History
The 25th September 1990 marked the official opening of the Outreach Centre within St Vincent's Clinic. Outreach or Family Care Services, as it was sometimes called, was formed by the Congregation of the Sisters of Charity of Australia to support the needs of women, especially the marginalised.
Sisters of Charity Beginnings in Ireland
In 1815 the Bishop of Dublin called upon a young woman, Mary Aikenhead, to be the foundress of a new order of religious sisters. This was not to be a conventional cloistered Order, for in addition to the usual religious vow of poverty, chastity, and obedience, there was a fourth vow, that of "service to the poor". The Order was to be committed to the poor and disadvantaged of Ireland, particularly disadvantaged women.
The Sisters Journey to Australia
In 1838, Sydney was still a penal colony.
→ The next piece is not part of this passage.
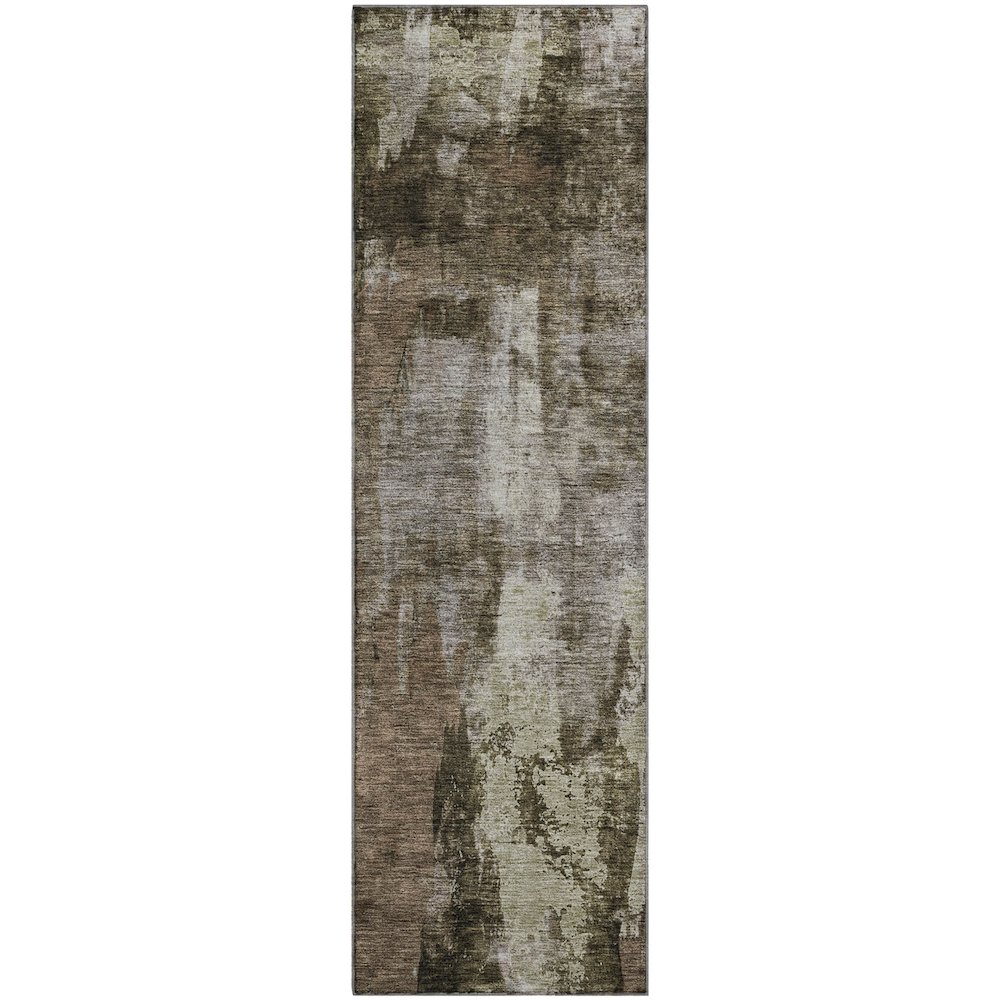Premium Machine Washable Mayfield AMF1077 Brown 2'3" x 7'6" Runner Rug. Picture 1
Its residents were a ‘mixed bag' of free settlers, soldiers, prison wardens and convicts who ‘had left their native country for their country's good". Of these, a good number of convict women occupied the Women's Factory (a misnomer for a convict goal).
On the 31st December 1838 five Sisters of Charity arrived in the Penal Colony in answer to an appeal to Ireland by the Catholic Bishop of Sydney. These five Sisters of Charity became the first women religious in Australia and they began their mission of serving the poor and disadvantaged in their midst beginning with the women in the Women's Factory who were living in appalling conditions, rebellious and without spiritual help of any kind.